Constantine was a nephew of the powerful Michael Keroularios, Patriarch of Constantinople in 1043–1059. The name of his father is unknown. A friend and correspondent of Michael Psellos, Constantine and his brother Nikephoros were among the supporters of Isaac I Komnenos when he rose in revolt to seize the throne in 1057, and went on to occupy senior offices in the Byzantine hierarchy. In his correspondence with Psellos, Constantine is variously referred to by the high court ranks of sebastos, proedros, protoproedros, and magistros, the senior fiscal offices of sakellarios and genikos logothetes, and the judicial offices of epi ton kriseon and droungarios tes viglas. It was probably under Constantine's tenure that the latter office acquired the epithet "megas" ("grand"), and was confirmed as the Empire's senior-most judicial authority. Constantine was apparently also the first person to hold the title of sebastos. A seal which may be attributable to him further records the titles of "vestarches, judge of the Velum, and grand curator of the Mangana".
Constantine was also a cousin of Eudokia Makrembolitissa, who married Isaac's lieutenant and successor as emperor, Constantine X Doukas, as she too is referred to as a niece of the patriarch. In 1067, Constantine X was dying. Eudokia, as empress-dowager and mother of Constantine's under-age sons, would lead the regency, but Constantine X feared that she might well include her relatives, who already held high posts in court, in the regency, thus posing a potential threat to the succession of Constantine X's own children. He therefore had Eudokia swear publicly that she would not remarry nor appoint any co-regents over her under-age sons with Constantine other than the latter's brother John Doukas, an oath that she would soon break, however, with her marriage to Romanos IV Diogenes.
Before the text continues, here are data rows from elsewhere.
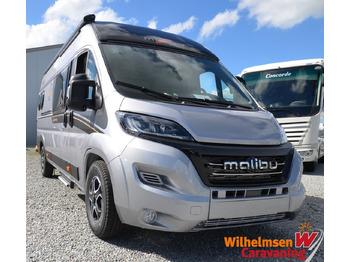 Kamp kombi MALIBU
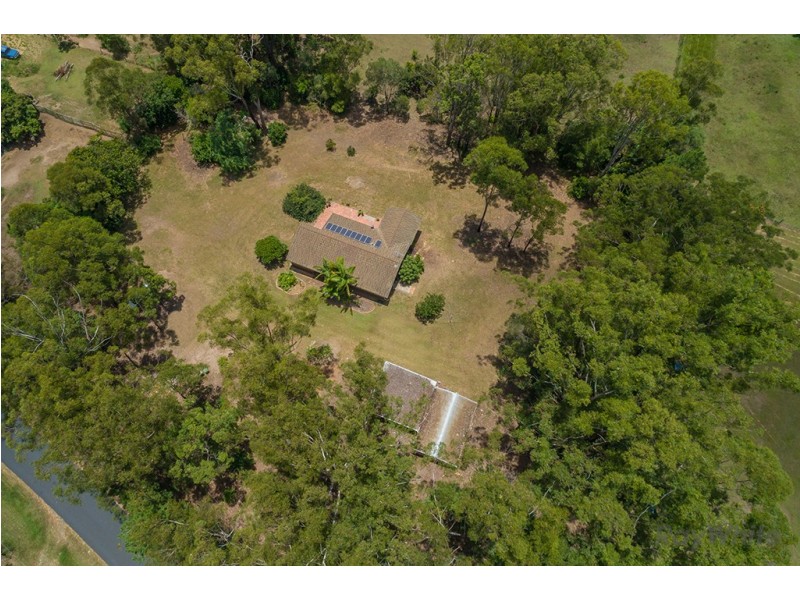 Delaneys Creek QLD 4514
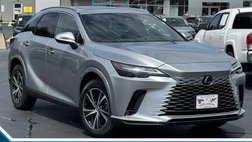 2023 Lexus RX 350 Premium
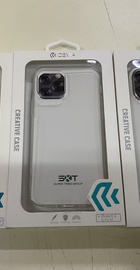 Devia Naked Case TPU for iPhone 11 Clear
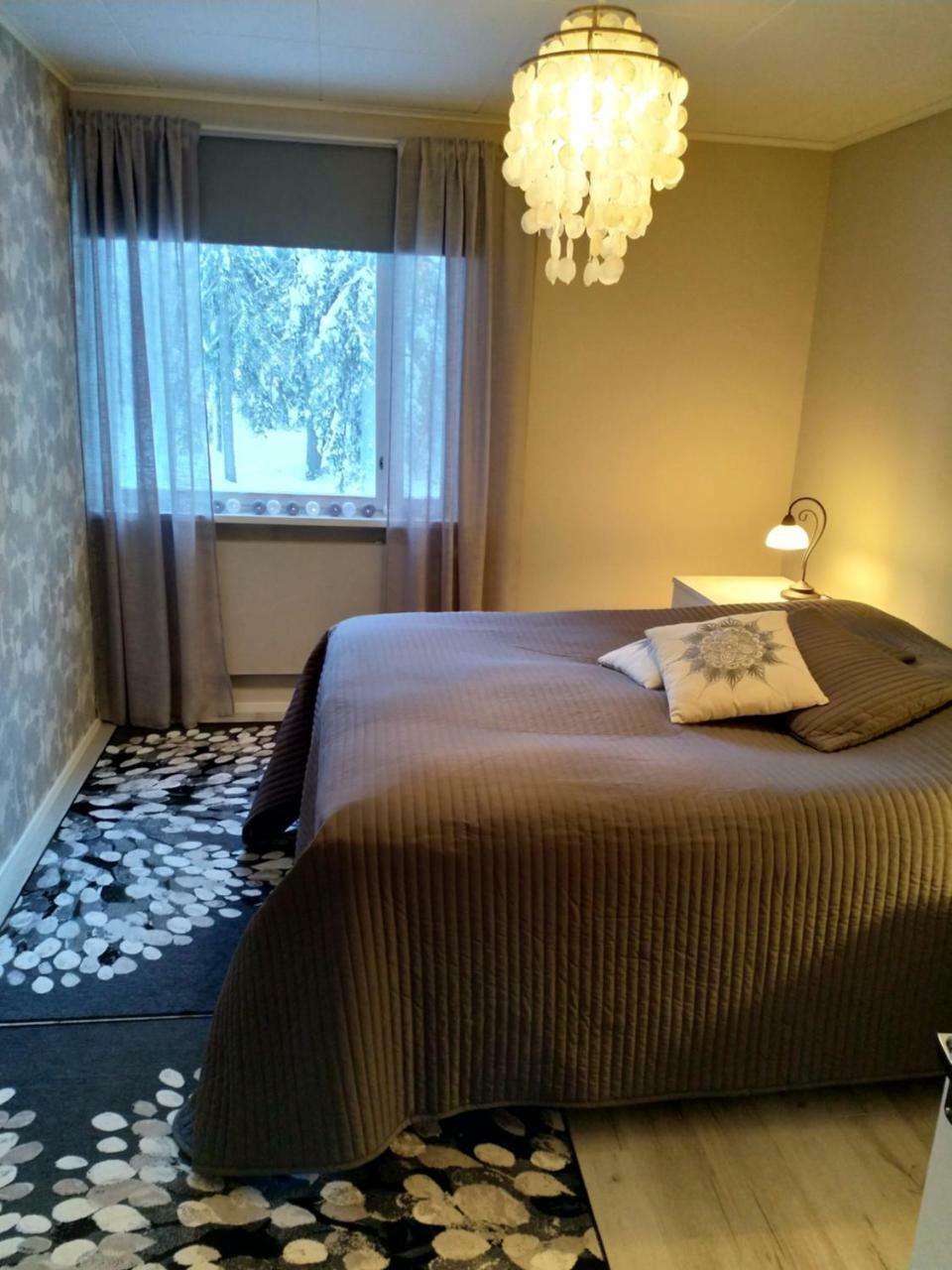Ruva Holidays Kuusamo Bagian luar foto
According to genealogy of the 12th-century writer John Tzetzes, Constantine Keroularios married a Georgian lady, a relative of the empress Maria of Alania. The couple had a daughter, who was eventually adopted by Eudokia Makrembolitissa. She married a tax official named George, and gave birth to Tzetzes' own mother. Constantine had also several sons, of whom Michael Keroularios was the most prominent: he likewise became megas droungarios tes viglas and married into the Komnenos dynasty, but defrauded his other brothers of their father's inheritance.